TV networks and stations have lost a crucial initial effort to halt Aereo, a tech startup that offers online streams to broadcast signals in the New York area.
U.S. District Judge Alison Nathan ruled that broadcasters had not shown a “likelihood of success on the merits” and turned down their request for a preliminary injunction. In siding with Aereo, funded by investors including Barry Diller’s IAC, she has given some credence to the startup’s legality; previous efforts to offer digital streams of free broadcast signals to subscribers have been halted in court.
The networks worry that such services will undercut their business model, particularly the retransmission fees they collect from cable operators, and undermine broadcast stations’ plans to launch mobile offerings to smartphones, iPads and other devices. Indeed, Nathan concluded that Aereo stood to cause “irreparable harm” to the broadcasters, but “they have not demonstrated that the balance of hardships decidedly tips in their favor.”
“Today’s decision shows that when you are on the right side of the law, you can stand up, fight the Goliath and win,” said Aereo founder Chet Kanojia.
A key legal distinction for Aereo lies in its thousands of dime-sized antennas, allowing each subscriber to choose to watch a broadcast show online in real time or to play it back as on a DVR. The networks and New York local stations called it a “gimmick” and argued that Aereo violated the Copyright Act’s right of public performance, specifically its provision barring unauthorized transmission of copyrighted works.
But Nathan concluded that the antennas operate independently, backing Aereo’s contention that it is essentially renting remote equipment to its users that is comparable to what they can install at home.
In her opinion, Nathan drew similarities between Aereo’s technology and a remote storage DVR introduced several years ago by Cablevision. The latter was the focus of a landmark ruling by the 2nd Circuit Court of Appeals that held that the remote DVR did not infringe on copyrights.
She wrote that “in light of this court’s factual determination that each antenna functions independently, in at least one respect, the Aereo system is a stronger case than” the Cablevision case.
While broadcasters saw distinction in Cablevision’s remote DVR and Aereo’s streams of broadcasts in real time, Nathan found that argument irrelevant. “Whether a user watches a program through Aereo’s service as it is being broadcast or after the initial broadcast does not change that the transmission is made from a unique copy, previously created by that user, accessible and transmitted only to that user, the factors (the Cablevision decision) identified as limiting the potential audience,” Nathan wrote.
A group of plaintiffs, including WNET Thirteen, Fox Television Stations, WPIX and Univision, expressed disappointment at the decision and plan to appeal.

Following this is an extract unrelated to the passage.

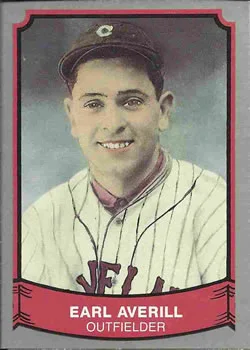 1989 Pacific Legends II Earl Averill #203 card image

“Today’s decision is a loss for the entire creative community,” their statement said. “The judge has denied our request for preliminary relief — ruling that it is OK to misappropriate copyrighted material and retransmit it without compensation. While we are disappointed, we will continue to fight to protect our copyrights and expect to prevail on appeal.”
NBC Universal, another plaintiff in the case, also issued a statement noting the Nathan’s opinion represents “a preliminary finding and we remain confident that the courts will ultimately find in our favor and block Aereo from infringing our copyrighted broadcasts. Importantly, the court clearly determined that Aereo’s business is irreparably harming broadcasters and content creators.”